Extract every record, exactly as written, and ignore the pictures.

================================

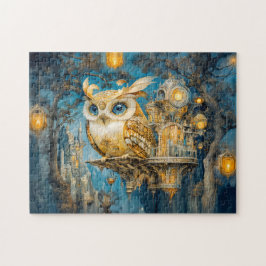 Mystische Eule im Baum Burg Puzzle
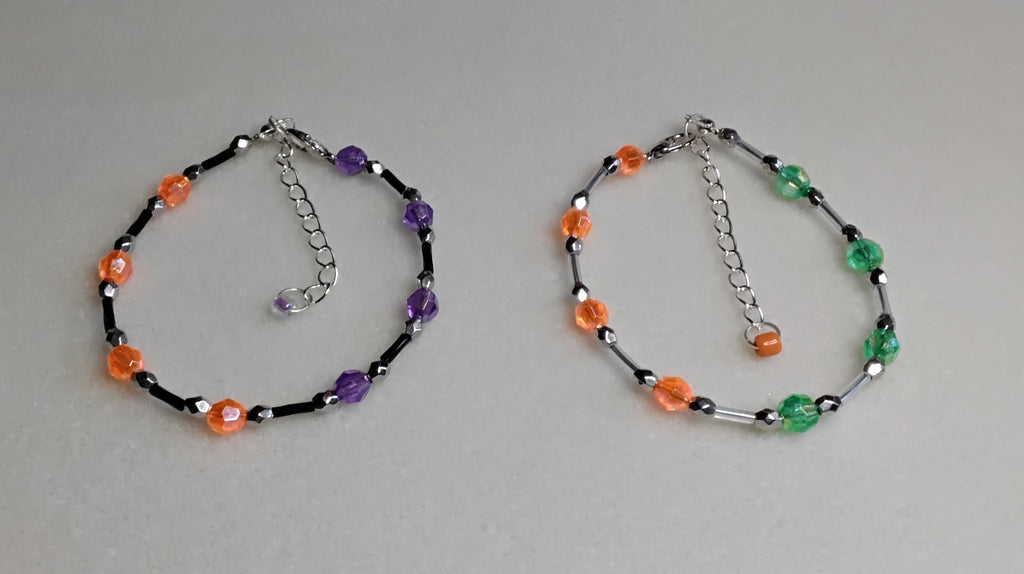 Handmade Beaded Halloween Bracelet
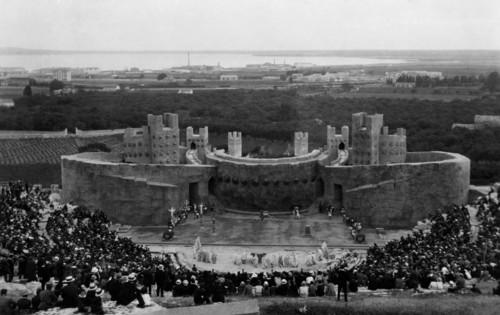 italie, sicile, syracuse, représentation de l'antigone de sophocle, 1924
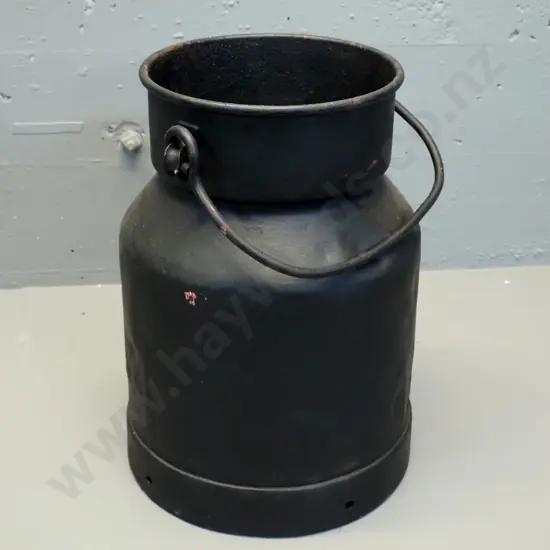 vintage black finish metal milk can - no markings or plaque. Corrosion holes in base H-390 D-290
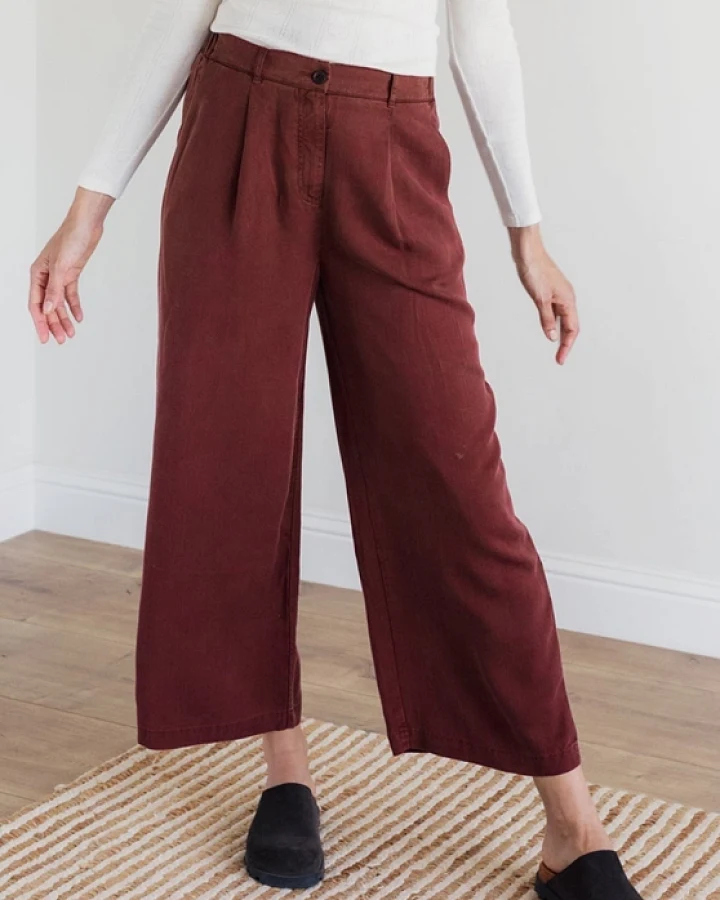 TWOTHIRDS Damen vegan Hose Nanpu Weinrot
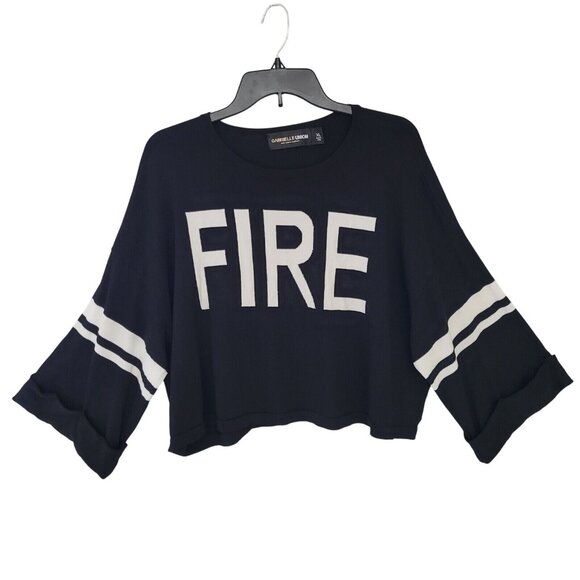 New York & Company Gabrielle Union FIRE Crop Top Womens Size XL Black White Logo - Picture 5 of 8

================================

▶ [RESPONSE AREA]
 Mystische Eule im Baum Burg Puzzle
 Handmade Beaded Halloween Bracelet
 italie, sicile, syracuse, représentation de l'antigone de sophocle, 1924
 vintage black finish metal milk can - no markings or plaque. Corrosion holes in base H-390 D-290
 TWOTHIRDS Damen vegan Hose Nanpu Weinrot
 New York & Company Gabrielle Union FIRE Crop Top Womens Size XL Black White Logo - Picture 5 of 8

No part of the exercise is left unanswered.